You have also asked a similar question for the b1 meson and were told in the comments that the accuracy of measuring the masses of these resonances, and possibly the data available , is less than the minimum sigmas (of PDG fits to values of different experiments) away from each other. In this case the mass in the parenthesis is the mass of the resonance, and neutral to charged cannot be separated with any accuracy.

To get a feeling for magnitudes in MeV look at the $D^0$ mass and errors versus $D^+$ ,page 7 here for acceptable errors .

The mass difference is 4.822+/-0.015 MeV . It means that there are many experiments measuring masses with accuracy.

For the ones where there is no separation of the masses ,charged from neutral, in general it means that there is no statistical separation in the measured values, also possibly not enough experiments. The resonance signal is there, but the calculated errors are too large to separate the masses of charged to neutral with any accuracy.
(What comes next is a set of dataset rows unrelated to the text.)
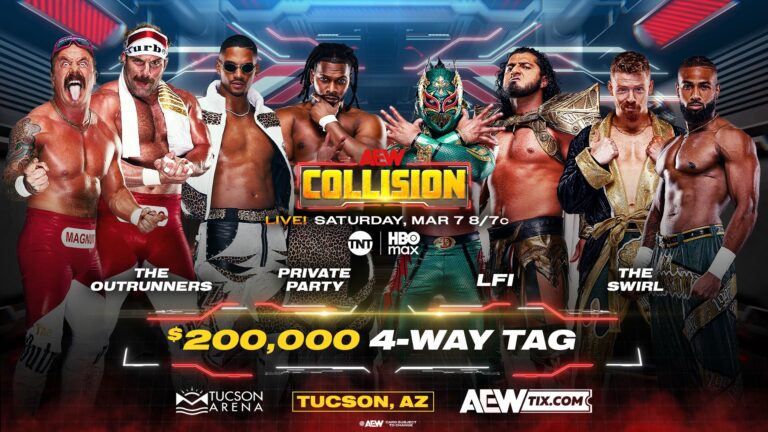 RUSH And Dralistico To Return From Injury Of 3/7 AEW Collision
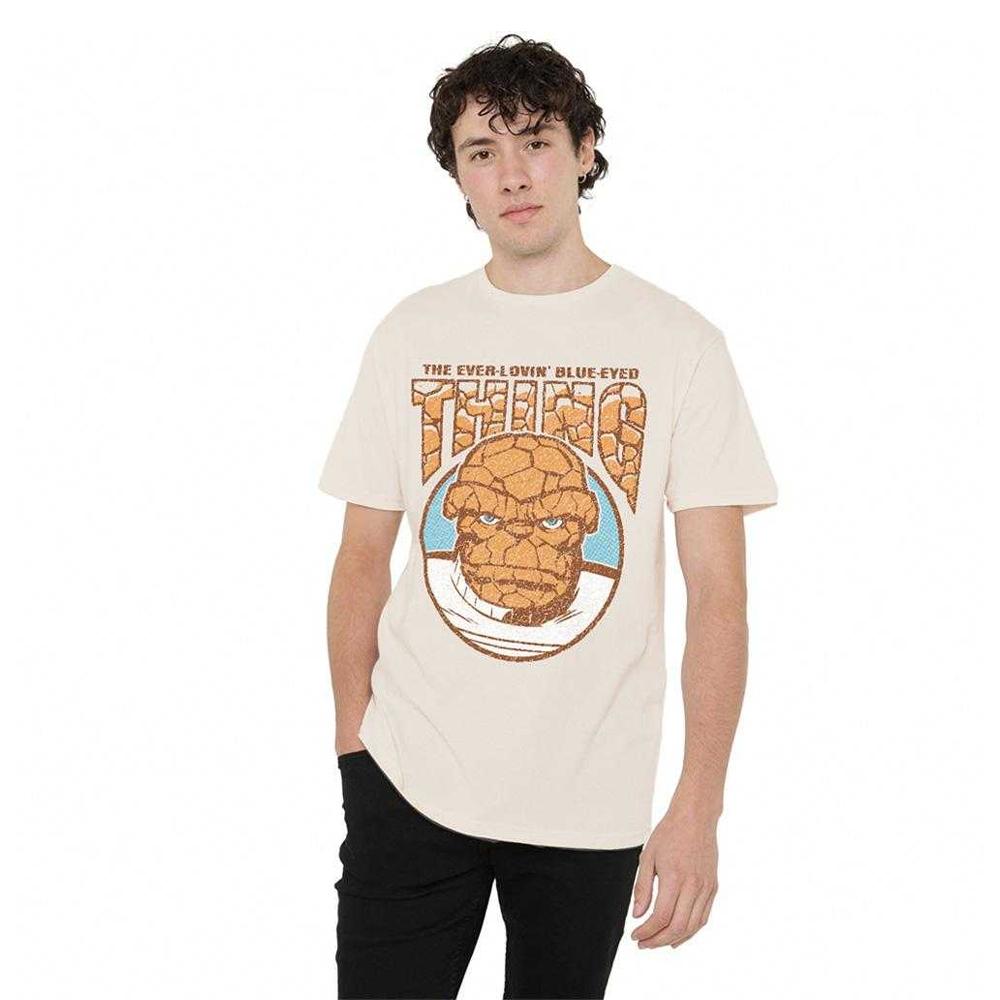 Fantastic Four Unisex Adult Ever LovinÂ´ Blue Eyed Thing T-Shirt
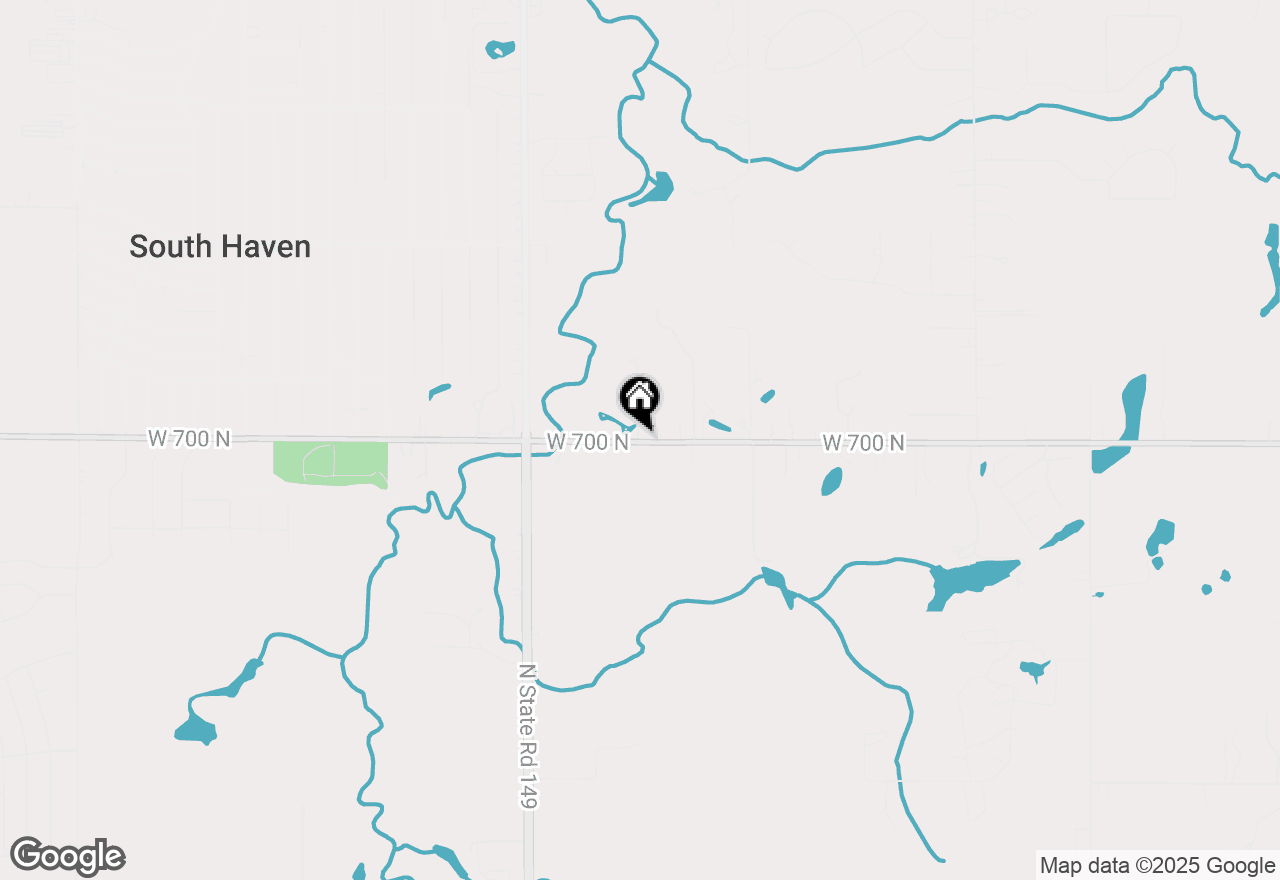 Map of 275 W 700 N, Valparaiso, IN 46385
The particular D you are asking about seems to have only a zero charged mode anyway, there is one experiment that has seen it and its decay mode is to a $D^*(2010)$ $π^-$. The width is large and with large errors, so it needs more experimental evidence, though it has been published. You have to go to the original paper to see whether it is an only neutral resonance or more measurements are needed to clear up its structure.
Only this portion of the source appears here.